I understand some people think no amount of economic activity is worth selling the state’s soul – and some people insist that MMA is simply too brutal to allow. But MMA is completely different from the spectacle New York legislators banned back in the 1990s.
When MMA first came to the United States, it was modeled after a Brazilian sport known as vale tudo – “anything goes.” Its early days were marked by a distinct lack of strong regulation – no weight classes, no time limits and no rules.
In 2001, MMA reinvented itself. The Unified Rules of Mixed Martial Arts were written and adopted by the leading regulatory bodies working closely with promoters, including the UFC. The rules include provisions for weight classes, rounds and time limits. Dangerous maneuvers are totally outlawed. In the UFC, we have multiple ringside doctors at every fight, mandatory pre- and post-fight MRIs, comprehensive drug testing and a competitive atmosphere.
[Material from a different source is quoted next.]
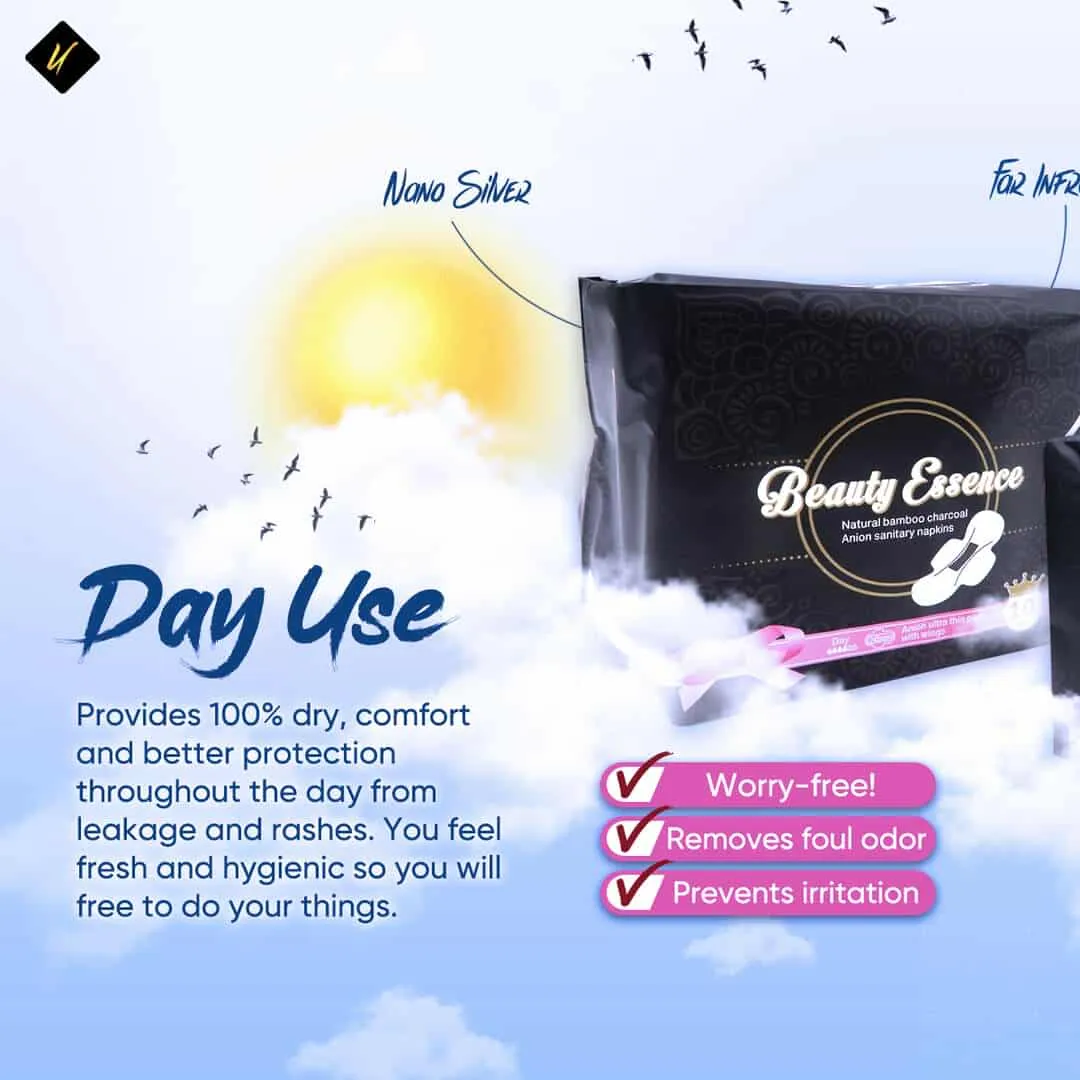 Bamboo Charcoal Negative Ion Napkin (Day)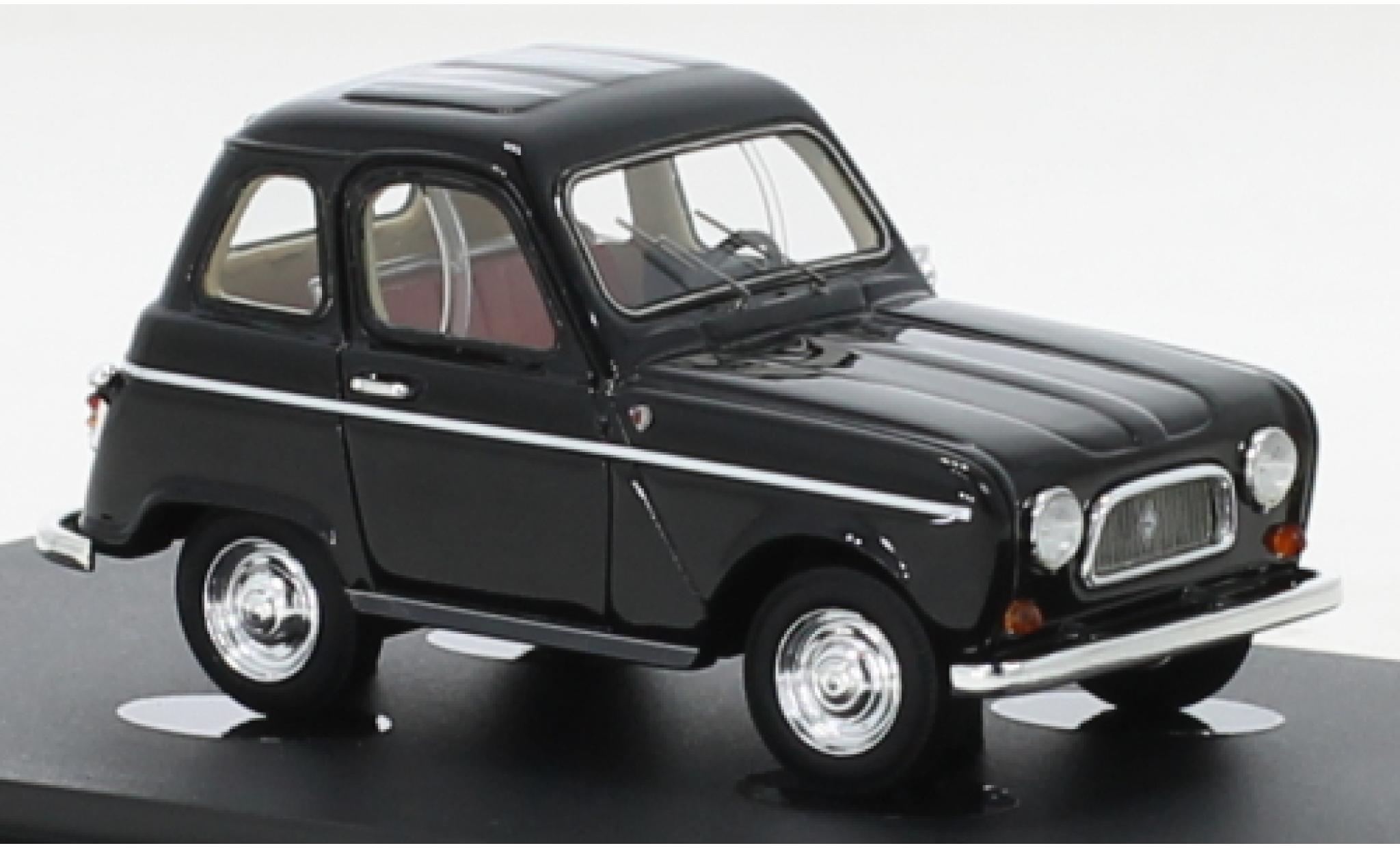 Renault 4 1/43 AutoCult Bertin nero 1969 modellino in miniatura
If a fighter gets a concussion, he is forced to sit out of matches and training for a mandatory period determined by the regulatory body overseeing the event. No other professional sport has such strict concussion rules.
All of those changes have produced two incredibly positive results: First, no athlete has suffered a serious injury in the history of UFC – nothing beyond a broken bone. Second, the sport has gained worldwide popularity and firmly established itself as the fastest-growing sport in the country.
At this point, it’s very odd that New York would allow and even celebrate a sport like football, in which people have experienced serious and lasting physical injuries, and cling to the fiction that MMA is legalized assault.
How successful would the sport be here? We got a taste a few weeks ago. A fight at the Rogers Centre in Toronto brought in ticket sales at the gate of more than $12 million – the largest for any event ever held at the arena. The sellout crowd of more than 55,000 – bigger than when an NFL game was held there – poured in to the city early and stayed late, purchasing arena concessions, staying in hotel rooms, dining at restaurants and taking taxis.
I am positive that an event in New York would have the same kind of success. While Madison Square Garden is obviously a pinnacle for any sport, we have a large fan base in cities like Buffalo, Syracuse, Rochester and Albany, all of which could use the economic lift.
We commissioned an economic impact study to demonstrate how much revenue one of our events would generate for the State of New York. The study, by HR & A, found that sanctioning MMA in New York City would generate more than $23 million in net new economic activity. In Buffalo, an event would generate $5.2 million in economic activity.
Those figures assume only two UFC events, and we estimate we could do as many as three per year in New York State.
Little wonder momentum is growing to overturn the ban. The state Senate recently voted overwhelmingly to sanction mixed martial arts and the Assembly’s tourism committee followed suit; now it’s time to allow a full Assembly vote.
The sports capital of the world deserves access to one of the world’s fastest-growing sports, one that will bring money and jobs to state and local businesses.